### What to produce
If a record holds a picture, drop the picture and copy everything else exactly.

### Records supplied
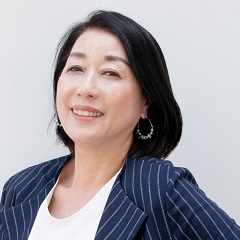 山下 由美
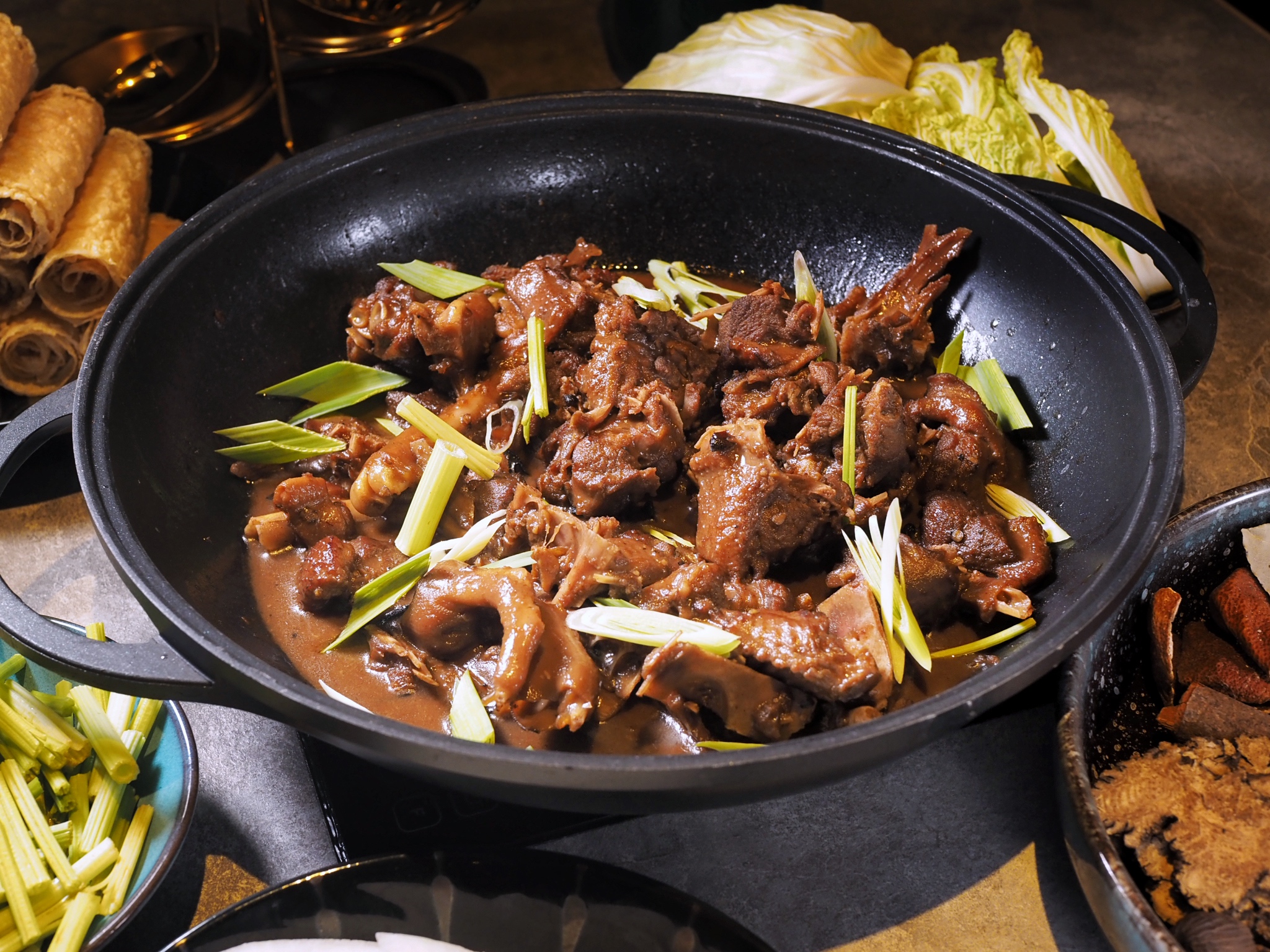 「馳名火焰鵝」可一鍋兩吃，先嘗濃甘醬汁巴著鵝肉的乾鍋，再沖進高湯涮肉和蔬菜。（1,580元／份）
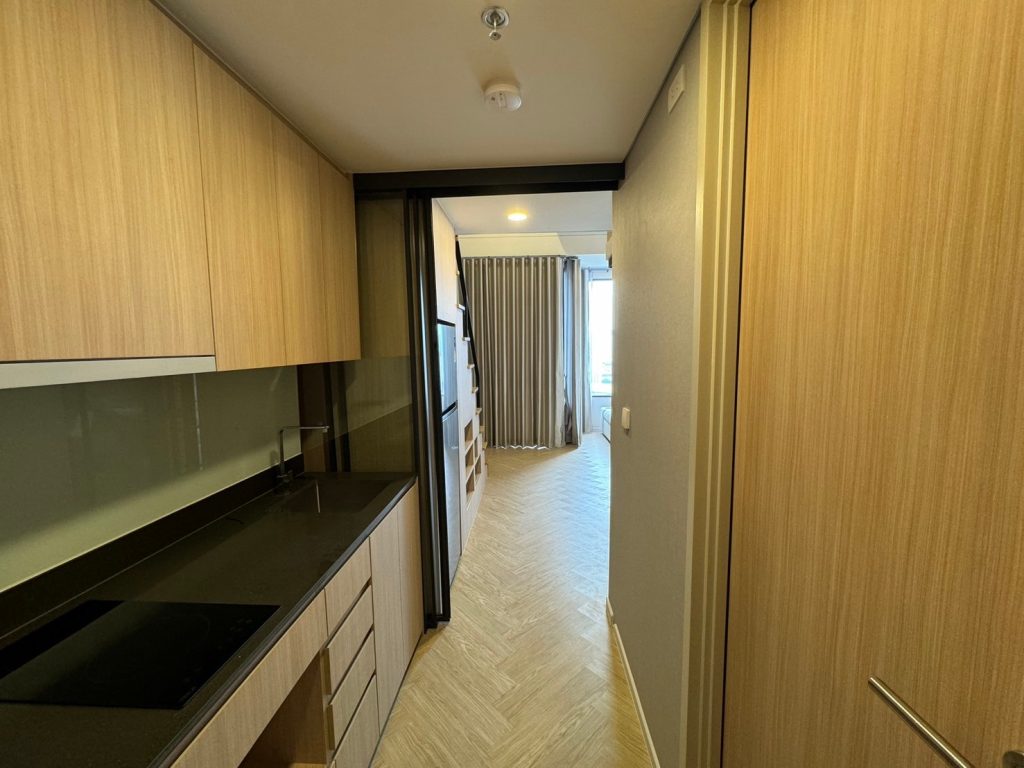 One Bedroom Condo For Rent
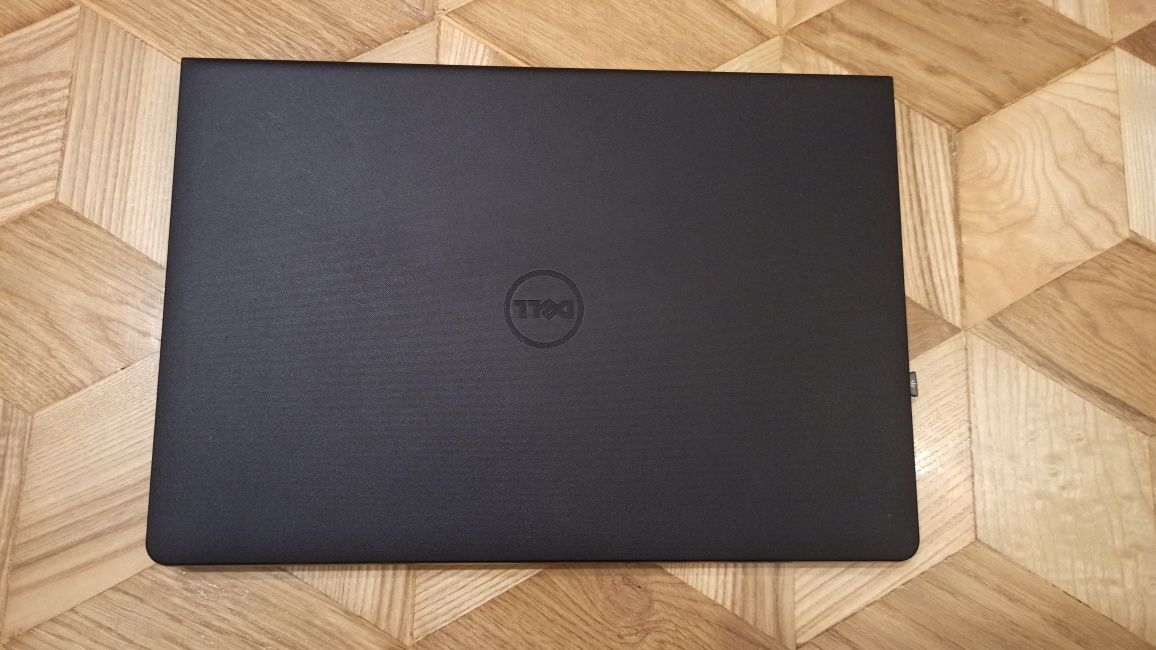 Dell laptop 15,6" nowa bateria, dysk SSD 120+1Tb 12gb RAM, Win 10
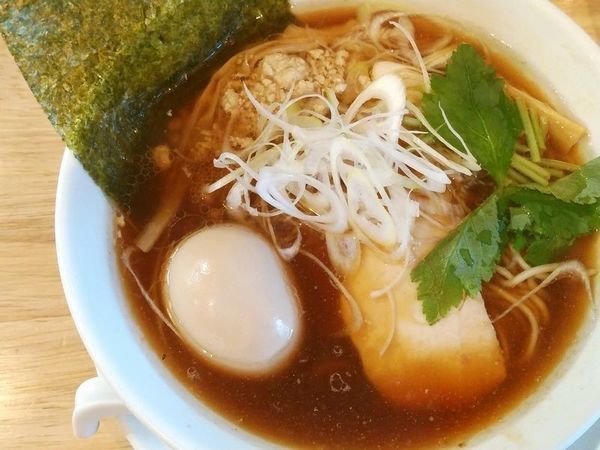 「鶏そば＋味玉」@中華そば ムタヒロ 錦糸町店の写真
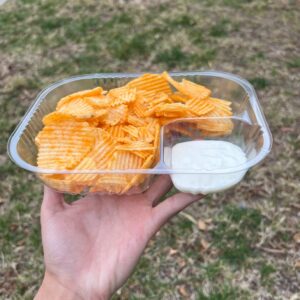 通用 6" x5"x 1 1/2" Inch Disposable Clear 2 Compartment Plastic Nacho Tray For Chips Cheese Sauce And Other Dips Sauce 50-Pack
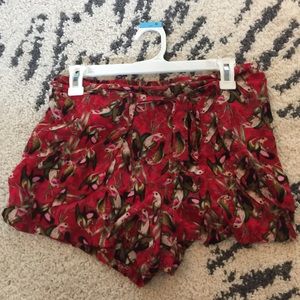 Urban parrot shorts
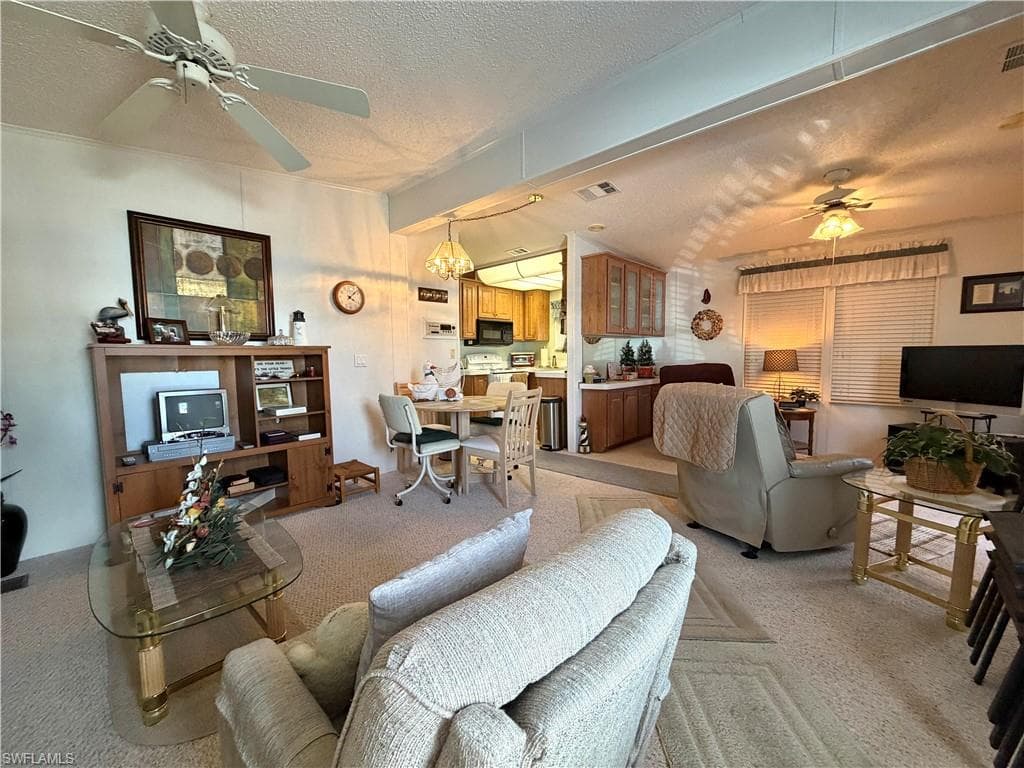 4621 Liberty LN E-8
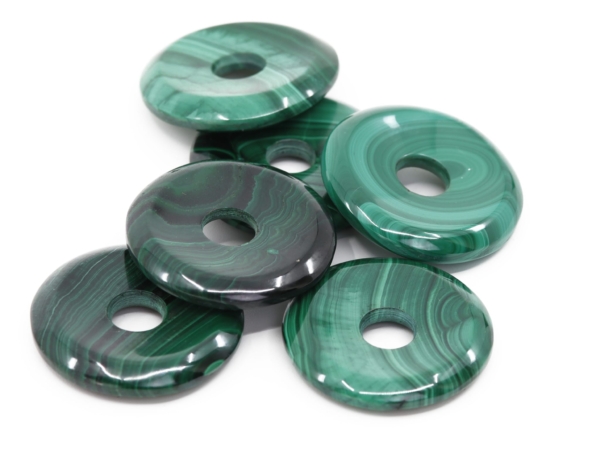 Pendentif donut en malachite avec dessins de pierre verts clairs et foncés différents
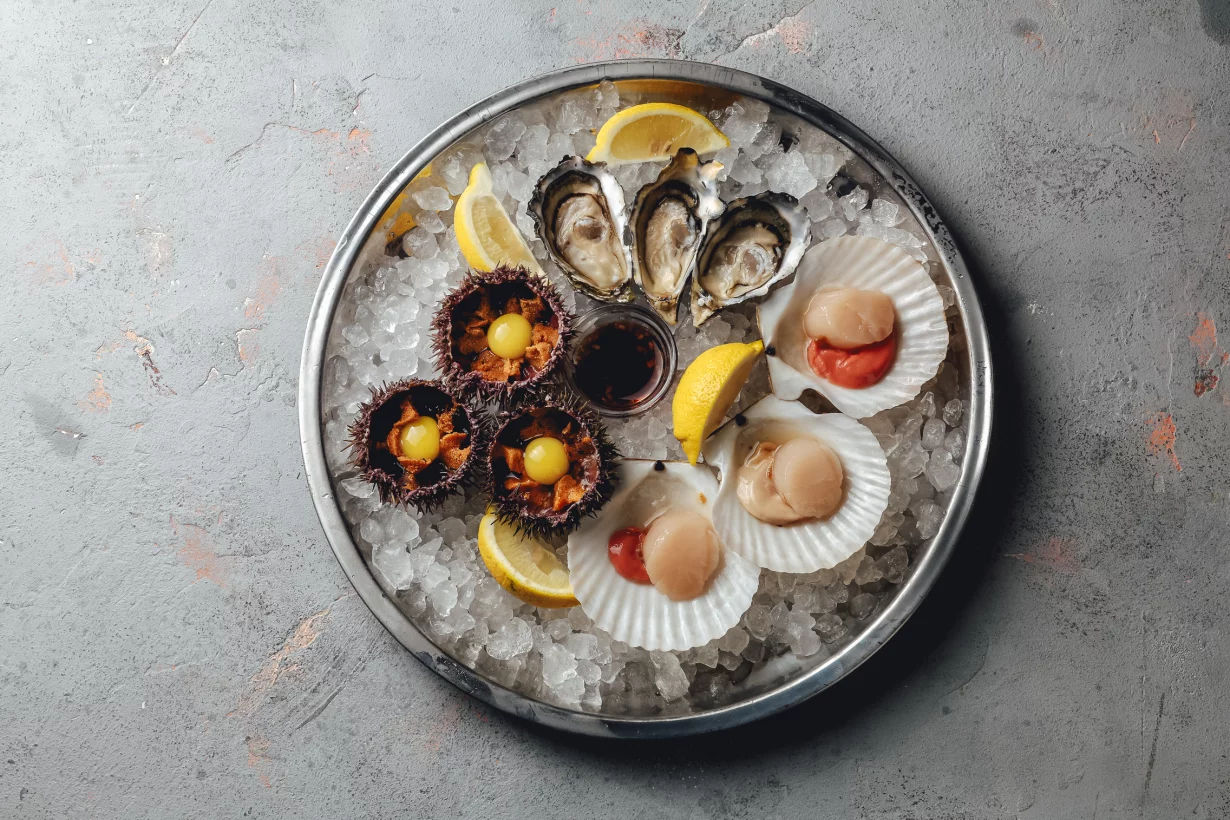 Интерьер/Экстерьер/Банкетная зона/Бар/Стол для двоих/Вход/Главный зал/Lounge зона гастробар Деликатеска фото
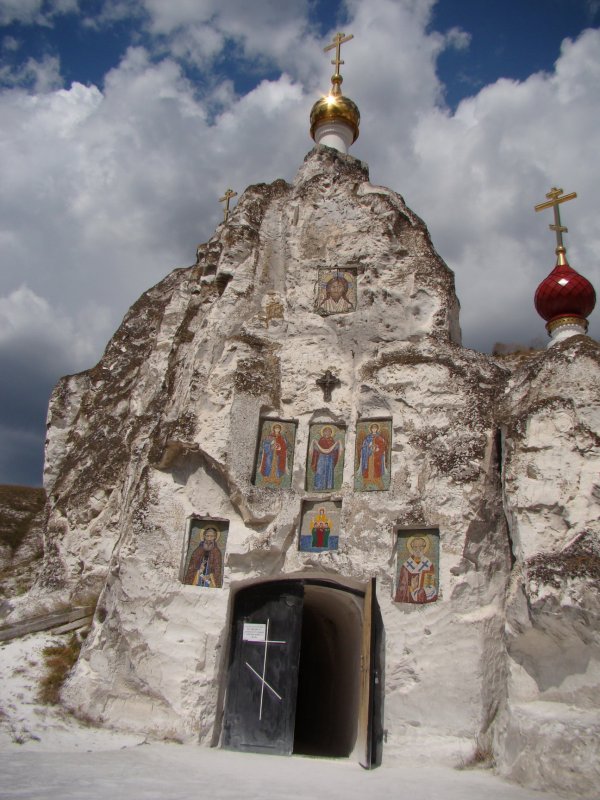Холковский монастырь надвратный храм
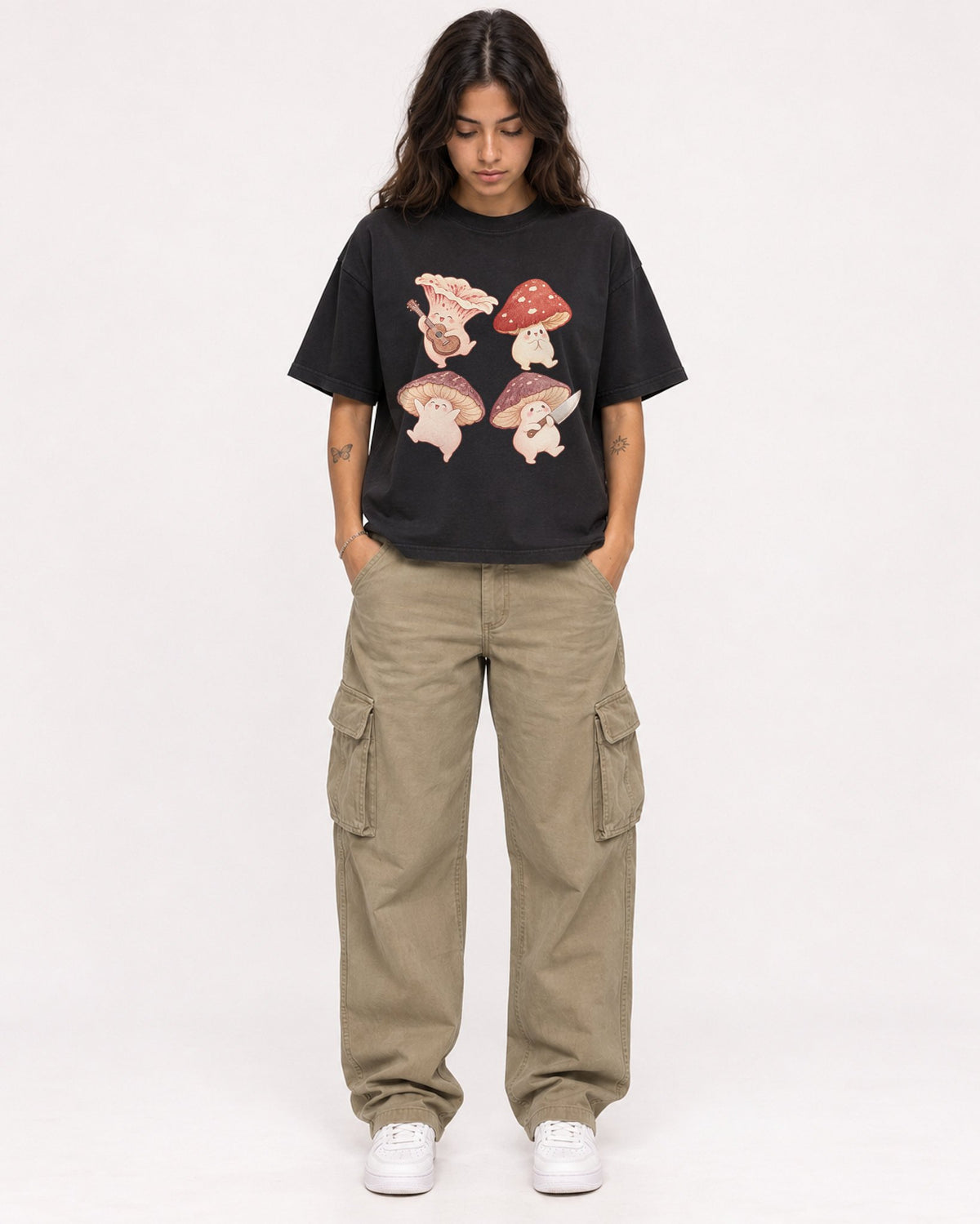 Mockup Boxy Heavyweight Tee Black female full-body 06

### Completed task
 山下 由美
 「馳名火焰鵝」可一鍋兩吃，先嘗濃甘醬汁巴著鵝肉的乾鍋，再沖進高湯涮肉和蔬菜。（1,580元／份）
 One Bedroom Condo For Rent
 Dell laptop 15,6" nowa bateria, dysk SSD 120+1Tb 12gb RAM, Win 10
 「鶏そば＋味玉」@中華そば ムタヒロ 錦糸町店の写真
 通用 6" x5"x 1 1/2" Inch Disposable Clear 2 Compartment Plastic Nacho Tray For Chips Cheese Sauce And Other Dips Sauce 50-Pack
 Urban parrot shorts
 4621 Liberty LN E-8
 Pendentif donut en malachite avec dessins de pierre verts clairs et foncés différents
 Интерьер/Экстерьер/Банкетная зона/Бар/Стол для двоих/Вход/Главный зал/Lounge зона гастробар Деликатеска фото
Холковский монастырь надвратный храм
 Mockup Boxy Heavyweight Tee Black female full-body 06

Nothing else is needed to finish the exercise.